- [Requirement] Through the line that contains "NWT DAVI & DANI", return the data below exactly, starting at its first line; leave the rest out.

Collected data:
[Start of section]
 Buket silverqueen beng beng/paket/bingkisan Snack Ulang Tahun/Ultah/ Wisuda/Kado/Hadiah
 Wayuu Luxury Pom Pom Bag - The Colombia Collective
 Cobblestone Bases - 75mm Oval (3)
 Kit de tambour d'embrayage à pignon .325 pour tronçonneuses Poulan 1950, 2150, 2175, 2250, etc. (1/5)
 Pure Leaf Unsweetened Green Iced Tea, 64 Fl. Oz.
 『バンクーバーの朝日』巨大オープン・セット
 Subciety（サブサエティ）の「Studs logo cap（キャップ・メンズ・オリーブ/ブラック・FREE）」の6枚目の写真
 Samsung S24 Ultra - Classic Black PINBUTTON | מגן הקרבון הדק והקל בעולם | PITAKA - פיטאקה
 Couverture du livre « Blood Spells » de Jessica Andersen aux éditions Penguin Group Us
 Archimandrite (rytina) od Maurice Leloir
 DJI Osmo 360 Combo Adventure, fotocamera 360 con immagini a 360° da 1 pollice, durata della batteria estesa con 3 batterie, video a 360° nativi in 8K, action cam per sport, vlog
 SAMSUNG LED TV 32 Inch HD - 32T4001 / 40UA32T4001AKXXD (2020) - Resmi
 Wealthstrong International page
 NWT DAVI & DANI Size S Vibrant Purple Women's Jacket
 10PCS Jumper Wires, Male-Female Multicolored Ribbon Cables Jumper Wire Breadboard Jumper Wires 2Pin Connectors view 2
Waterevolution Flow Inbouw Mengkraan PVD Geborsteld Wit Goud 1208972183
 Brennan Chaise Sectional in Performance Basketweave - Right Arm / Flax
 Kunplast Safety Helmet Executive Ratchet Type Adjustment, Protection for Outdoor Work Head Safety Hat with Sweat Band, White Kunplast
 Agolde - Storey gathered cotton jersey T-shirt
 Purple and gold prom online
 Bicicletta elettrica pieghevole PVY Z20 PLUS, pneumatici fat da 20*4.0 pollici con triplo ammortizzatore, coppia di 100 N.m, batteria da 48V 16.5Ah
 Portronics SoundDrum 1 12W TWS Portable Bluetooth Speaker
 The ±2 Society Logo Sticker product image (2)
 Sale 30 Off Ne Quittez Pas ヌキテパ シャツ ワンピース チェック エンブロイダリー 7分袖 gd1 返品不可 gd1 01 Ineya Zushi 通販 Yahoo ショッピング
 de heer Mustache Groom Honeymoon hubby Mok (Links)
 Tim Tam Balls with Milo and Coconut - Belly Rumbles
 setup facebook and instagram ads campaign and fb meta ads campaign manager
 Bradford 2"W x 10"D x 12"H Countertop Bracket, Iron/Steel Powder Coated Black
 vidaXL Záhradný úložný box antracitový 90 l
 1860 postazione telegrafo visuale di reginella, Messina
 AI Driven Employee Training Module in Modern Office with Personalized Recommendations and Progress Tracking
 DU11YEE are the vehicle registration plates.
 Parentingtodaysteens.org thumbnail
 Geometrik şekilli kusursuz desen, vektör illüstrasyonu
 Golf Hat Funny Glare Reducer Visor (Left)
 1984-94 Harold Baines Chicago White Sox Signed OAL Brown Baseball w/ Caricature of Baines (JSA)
[End of section]
- [The completed task]
 Buket silverqueen beng beng/paket/bingkisan Snack Ulang Tahun/Ultah/ Wisuda/Kado/Hadiah
 Wayuu Luxury Pom Pom Bag - The Colombia Collective
 Cobblestone Bases - 75mm Oval (3)
 Kit de tambour d'embrayage à pignon .325 pour tronçonneuses Poulan 1950, 2150, 2175, 2250, etc. (1/5)
 Pure Leaf Unsweetened Green Iced Tea, 64 Fl. Oz.
 『バンクーバーの朝日』巨大オープン・セット
 Subciety（サブサエティ）の「Studs logo cap（キャップ・メンズ・オリーブ/ブラック・FREE）」の6枚目の写真
 Samsung S24 Ultra - Classic Black PINBUTTON | מגן הקרבון הדק והקל בעולם | PITAKA - פיטאקה
 Couverture du livre « Blood Spells » de Jessica Andersen aux éditions Penguin Group Us
 Archimandrite (rytina) od Maurice Leloir
 DJI Osmo 360 Combo Adventure, fotocamera 360 con immagini a 360° da 1 pollice, durata della batteria estesa con 3 batterie, video a 360° nativi in 8K, action cam per sport, vlog
 SAMSUNG LED TV 32 Inch HD - 32T4001 / 40UA32T4001AKXXD (2020) - Resmi
 Wealthstrong International page
 NWT DAVI & DANI Size S Vibrant Purple Women's Jacket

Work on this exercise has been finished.